Мой суперцивилизованный друг, храня молчание, потрогал свой матрац и нашел, что он жёсток, как гранит. Потом, пробежав ослабевшими пальцами по склоненному лицу, он сообразил, что, так как чемоданы утеряны, у него нет ни домашних туфель, ни халата! И опять-таки выручил Зе Брас, который принес бедняге Жасинто наводящие ужас башмаки на деревянной подошве для услаждения ног, а для того, чтобы укутать тело, изнеженное воспитанием в Сибарисе, — огромных размеров рубашку жены, из грубой ткани, более жесткой, нежели власяница кающегося грешника, с плиссе, неровным и грубым, как деревянный орнамент… Дабы утешить его, я напомнил ему о том, что Платон, когда он сочинял свой «Пир», и Ксенофонт, когда он руководил отступлением десяти тысяч, спали на более жестких ложах. Убогие тюфяки воспитывают сильные натуры, и лишь тот, кто носит власяницу, попадет в Рай.
— У вас не найдется почитать что-нибудь? — не дослушав моих увещаний, пробурчал мой друг. — Я не могу заснуть без книги!
У меня был только номер «Вечерней газеты», которую я разорвал пополам и разделил с ним по-братски.
И тот, кто не видел в эти минуты Жасинто, сеньора Торжеса, съежившегося на краю тюфяка, поближе к свече, с которой капало на ведерко, с голыми ногами, упрятанными в грубые деревянные башмаки, утонувшего в сплошь плиссированной рубашке жены Зе Браса, Жасинто, пробегающего грустными глазами объявления о пароходах в доставшейся ему половине «Вечерней газеты», тот никогда не узнает, что представляет собой подлинное, настоящее олицетворение уныния!

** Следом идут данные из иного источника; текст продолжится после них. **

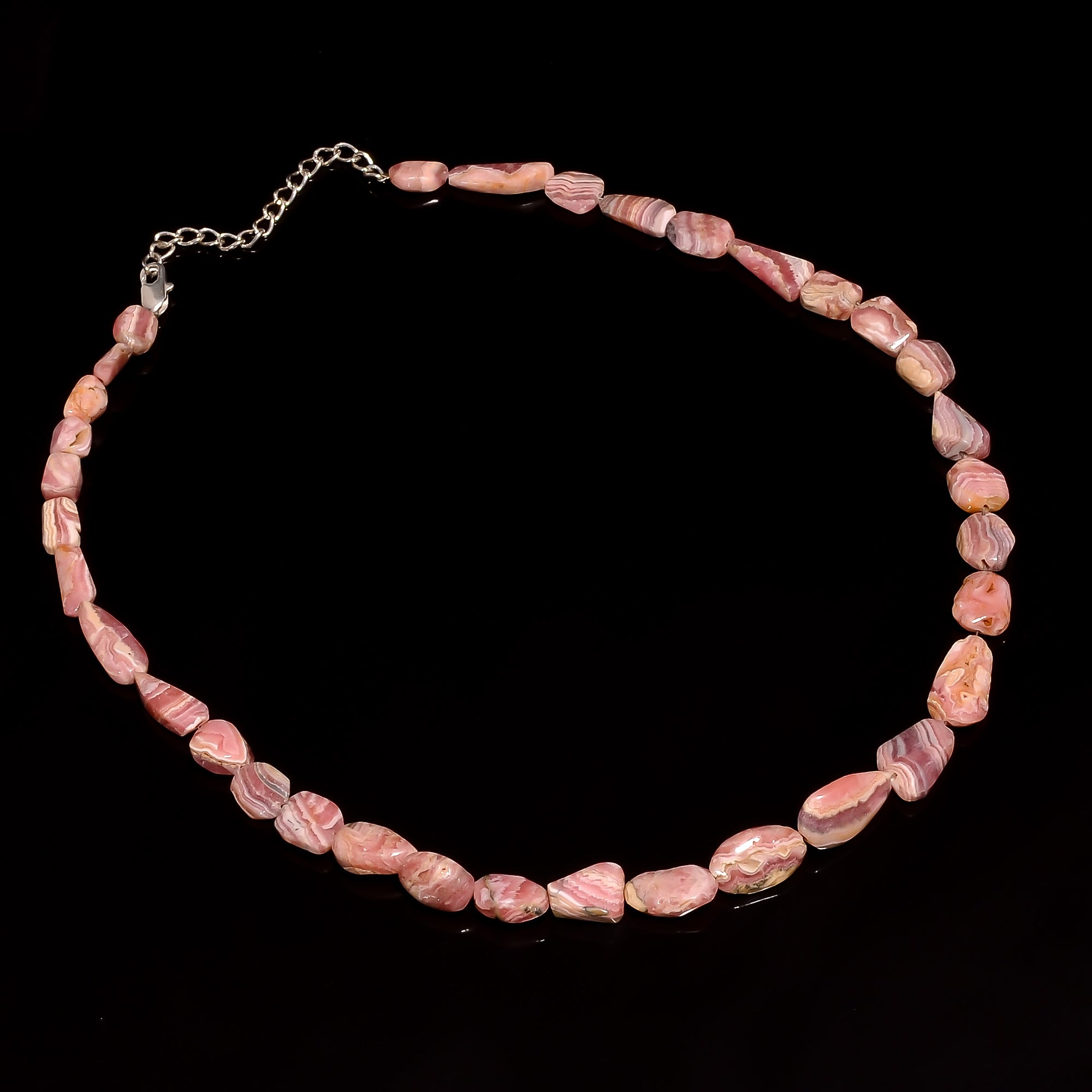 Natural Red Rhodochrosite Beaded Fine Gemstone Necklace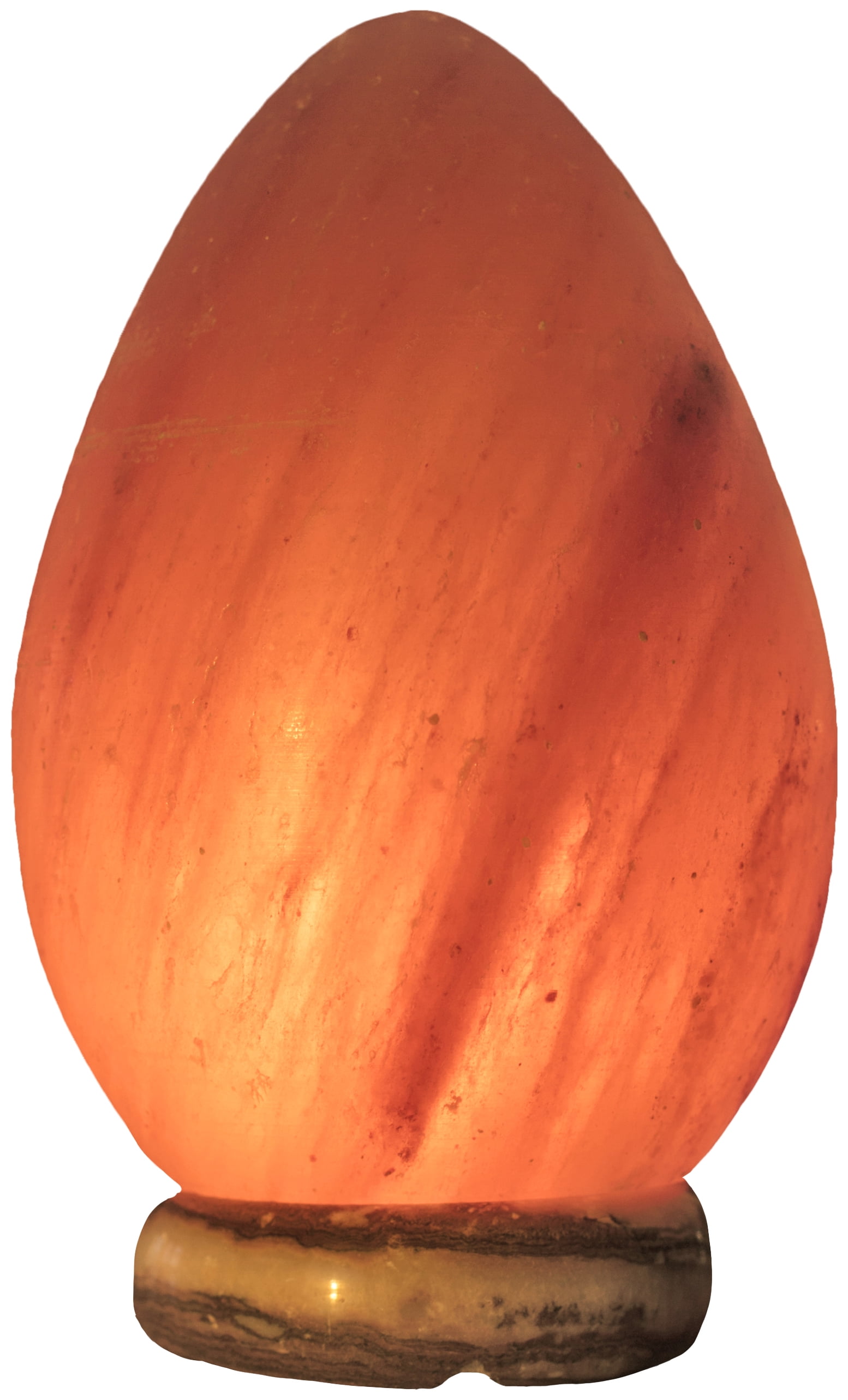 Himalayan Rock Salt Cone Lamp, 9"s Tall Soft Calm Therapeutic Light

В таком положении я его оставил и вскоре, растянувшись на своем тюфяке, спартанском, как и у Жасинто, поднялся в веселом, ученом сне на планету Венеру, и там, в саду, среди вязов и кипарисов, встретил Платона и Зе Браса, связанных высокоинтеллектуальной дружбой и пьющих вино Реции из торжесских рюмок! Все мы втроем вступили в полемику о XIX веке. Вдали, в чаще розовых кустов, которые были тут выше дуба, белел городской мрамор и звучали священные песнопения. Не помню, вступился ли Ксенофонт за цивилизацию и фонограф. Вдруг все закрыли темные тучи, сквозь которые я различил Жасинто верхом на осле, которого он погонял ударами пяток, кнутом, криками: он бежал в «Жасмин»!
22
Реция тебе священные песни исполнит. — Искаженная цитата из «Георгии» Вергилия (I, 350). Перевод С. Шервинского.